EXERCISE AIM: Copy the line with "不锈钢喷漆揭阳中德金属生态城" and all lines following it through the last line of the entries, exactly as written.

==== LISTED ENTRIES

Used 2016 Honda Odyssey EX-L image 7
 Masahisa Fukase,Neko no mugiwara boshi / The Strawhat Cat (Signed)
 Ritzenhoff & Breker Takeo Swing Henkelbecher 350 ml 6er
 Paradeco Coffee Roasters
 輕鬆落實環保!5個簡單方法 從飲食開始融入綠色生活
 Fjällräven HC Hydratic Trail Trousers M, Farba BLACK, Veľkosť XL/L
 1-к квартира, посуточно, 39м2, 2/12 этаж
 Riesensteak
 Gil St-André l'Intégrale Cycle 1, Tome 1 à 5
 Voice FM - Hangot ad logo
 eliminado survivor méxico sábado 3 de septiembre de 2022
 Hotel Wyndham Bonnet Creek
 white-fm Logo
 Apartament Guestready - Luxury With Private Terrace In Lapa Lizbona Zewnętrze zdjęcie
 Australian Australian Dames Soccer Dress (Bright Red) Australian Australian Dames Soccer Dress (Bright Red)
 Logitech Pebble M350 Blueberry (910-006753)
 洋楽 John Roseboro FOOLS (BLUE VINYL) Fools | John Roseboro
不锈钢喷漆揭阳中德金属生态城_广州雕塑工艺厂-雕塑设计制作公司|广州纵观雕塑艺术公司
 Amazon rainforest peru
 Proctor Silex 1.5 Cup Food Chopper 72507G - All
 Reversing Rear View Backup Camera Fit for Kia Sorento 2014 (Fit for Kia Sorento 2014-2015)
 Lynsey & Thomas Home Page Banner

========

OUTPUT BELOW:
不锈钢喷漆揭阳中德金属生态城_广州雕塑工艺厂-雕塑设计制作公司|广州纵观雕塑艺术公司
 Amazon rainforest peru
 Proctor Silex 1.5 Cup Food Chopper 72507G - All
 Reversing Rear View Backup Camera Fit for Kia Sorento 2014 (Fit for Kia Sorento 2014-2015)
 Lynsey & Thomas Home Page Banner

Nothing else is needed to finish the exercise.